--- START ---

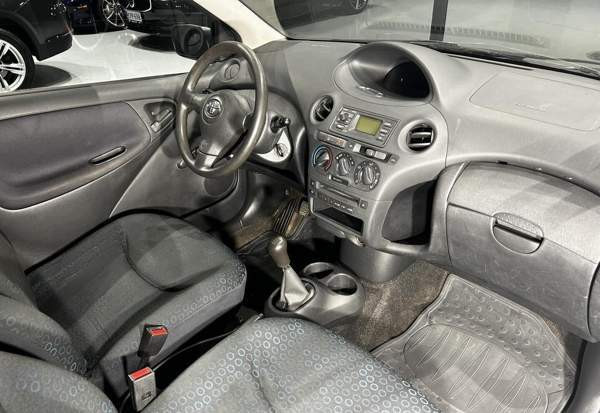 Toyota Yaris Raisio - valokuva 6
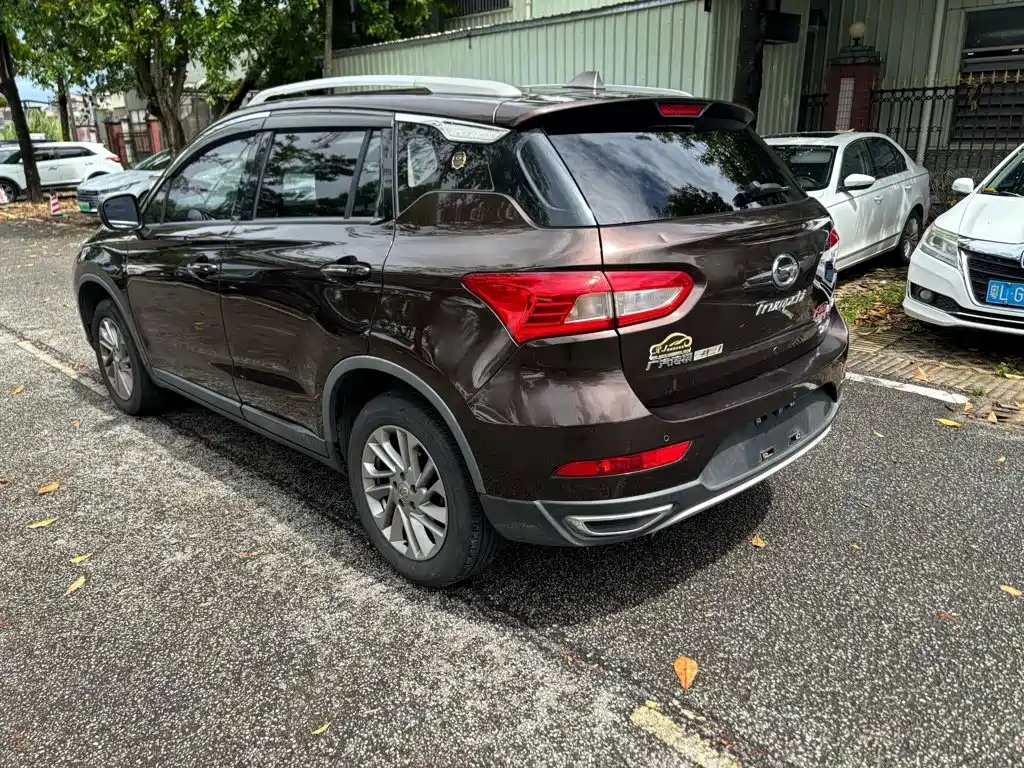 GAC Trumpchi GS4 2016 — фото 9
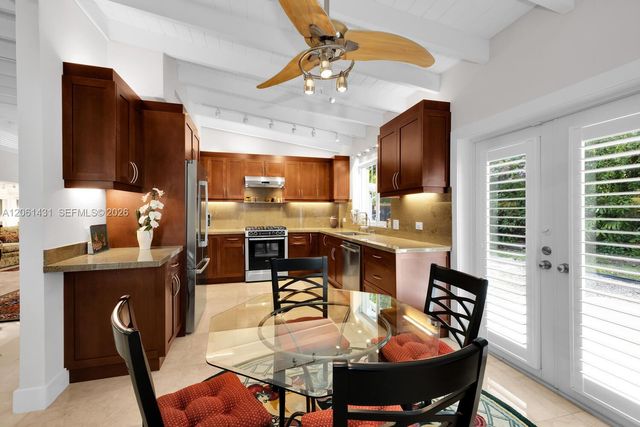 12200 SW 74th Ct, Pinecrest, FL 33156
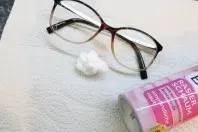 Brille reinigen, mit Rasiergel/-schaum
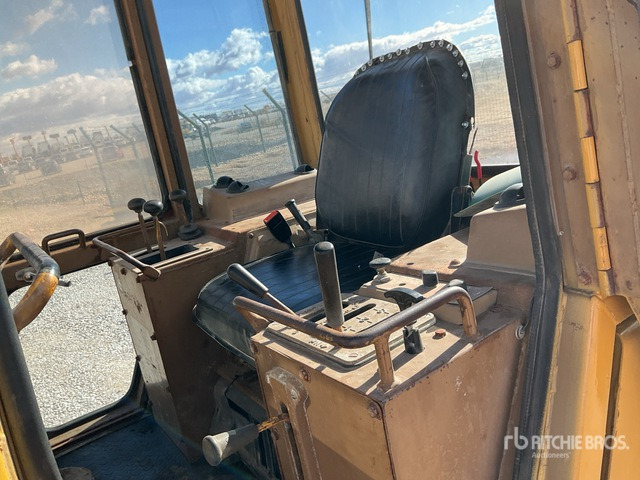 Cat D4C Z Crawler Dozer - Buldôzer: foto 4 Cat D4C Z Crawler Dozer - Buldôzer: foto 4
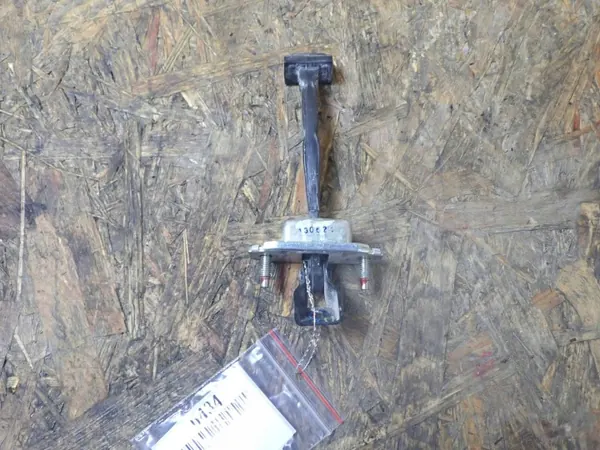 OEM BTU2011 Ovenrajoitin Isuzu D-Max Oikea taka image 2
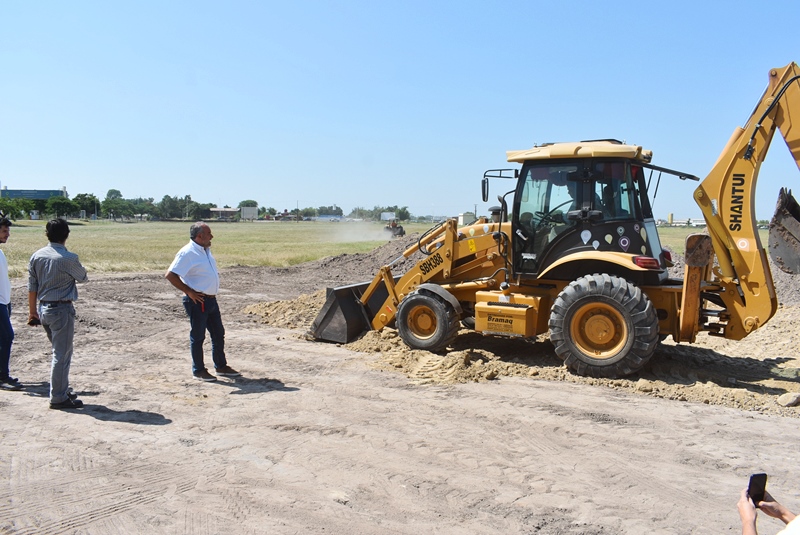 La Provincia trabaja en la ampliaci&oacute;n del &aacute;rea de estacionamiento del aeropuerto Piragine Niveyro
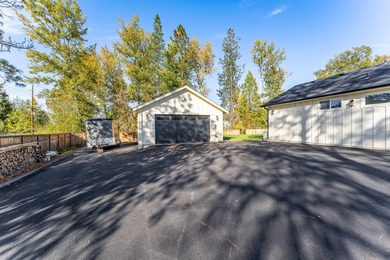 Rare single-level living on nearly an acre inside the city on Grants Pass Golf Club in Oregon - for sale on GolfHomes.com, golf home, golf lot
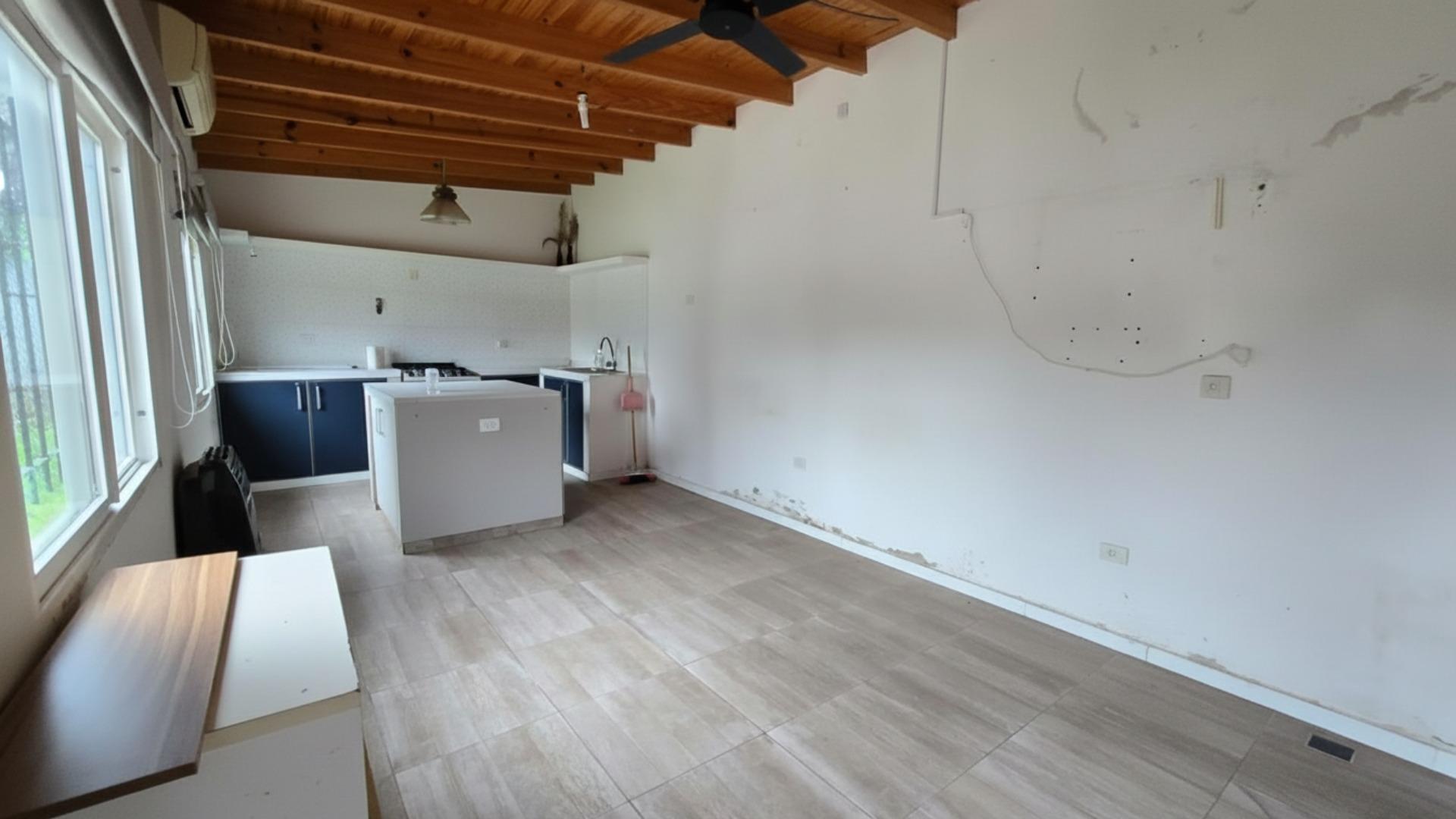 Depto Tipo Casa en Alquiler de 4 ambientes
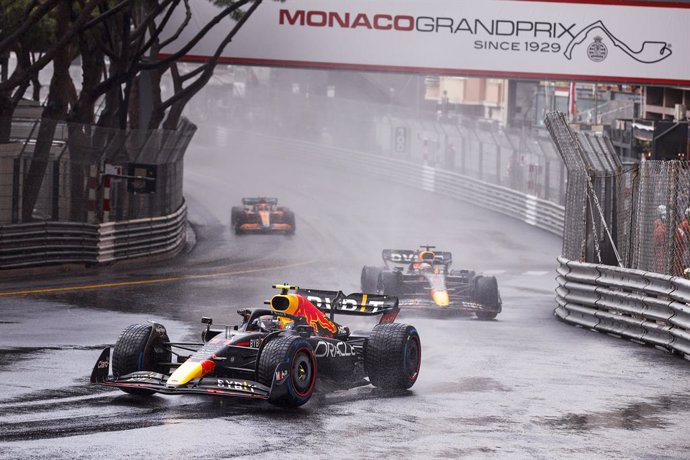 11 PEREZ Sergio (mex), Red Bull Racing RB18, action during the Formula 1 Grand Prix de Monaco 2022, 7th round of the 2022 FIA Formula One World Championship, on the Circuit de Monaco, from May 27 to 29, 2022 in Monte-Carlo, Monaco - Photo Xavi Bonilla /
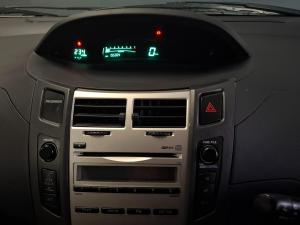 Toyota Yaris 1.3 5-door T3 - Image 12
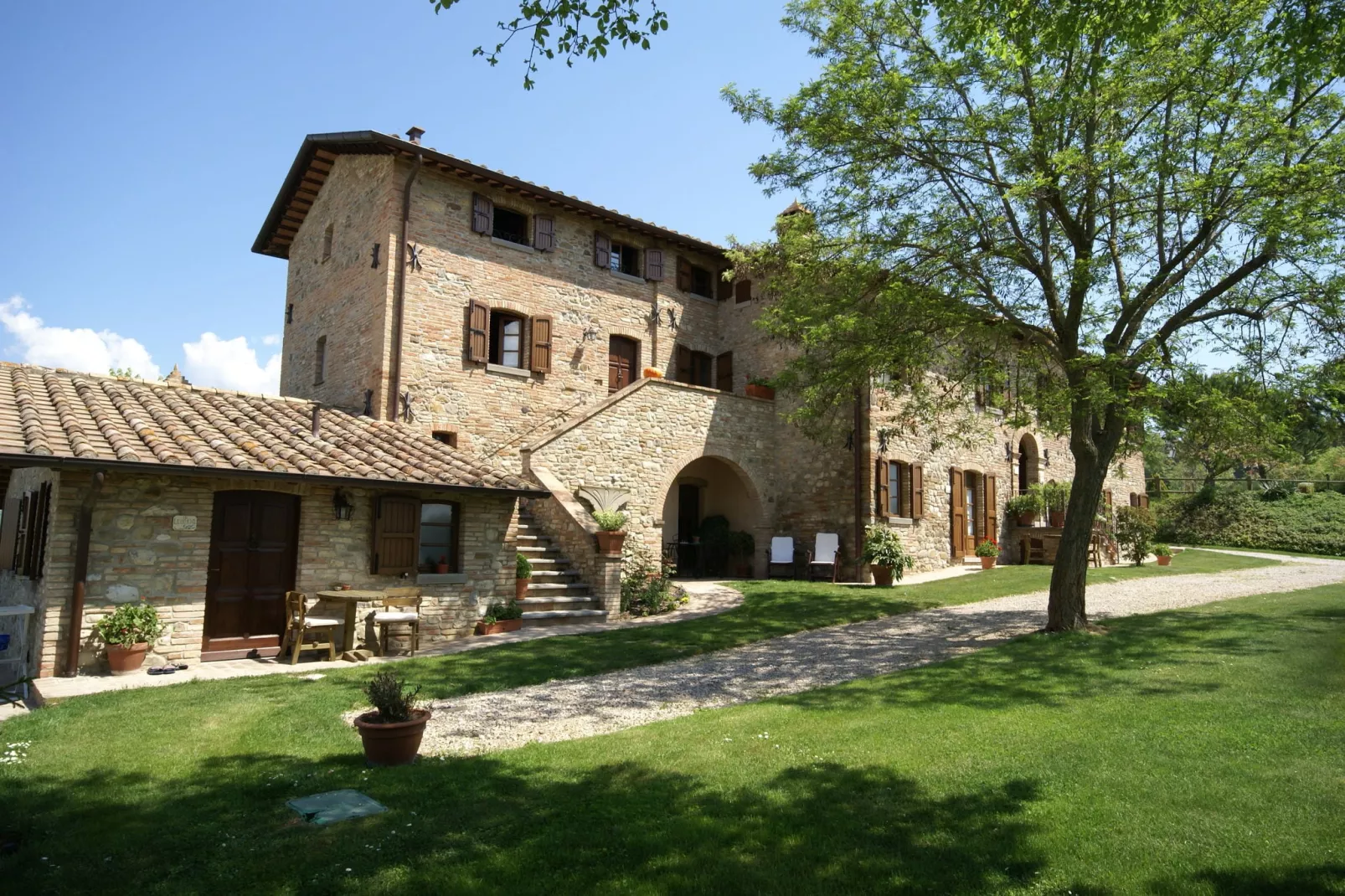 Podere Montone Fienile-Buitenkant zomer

--- END ---

How to complete this task: Please give back an exact copy of the entries above from their first line through the line containing "Depto Tipo Casa en Alquiler de 4 ambientes", leaving the pictures aside.

Response:
 Toyota Yaris Raisio - valokuva 6
 GAC Trumpchi GS4 2016 — фото 9
 12200 SW 74th Ct, Pinecrest, FL 33156
 Brille reinigen, mit Rasiergel/-schaum
 Cat D4C Z Crawler Dozer - Buldôzer: foto 4 Cat D4C Z Crawler Dozer - Buldôzer: foto 4
 OEM BTU2011 Ovenrajoitin Isuzu D-Max Oikea taka image 2
 La Provincia trabaja en la ampliaci&oacute;n del &aacute;rea de estacionamiento del aeropuerto Piragine Niveyro
 Rare single-level living on nearly an acre inside the city on Grants Pass Golf Club in Oregon - for sale on GolfHomes.com, golf home, golf lot
 Depto Tipo Casa en Alquiler de 4 ambientes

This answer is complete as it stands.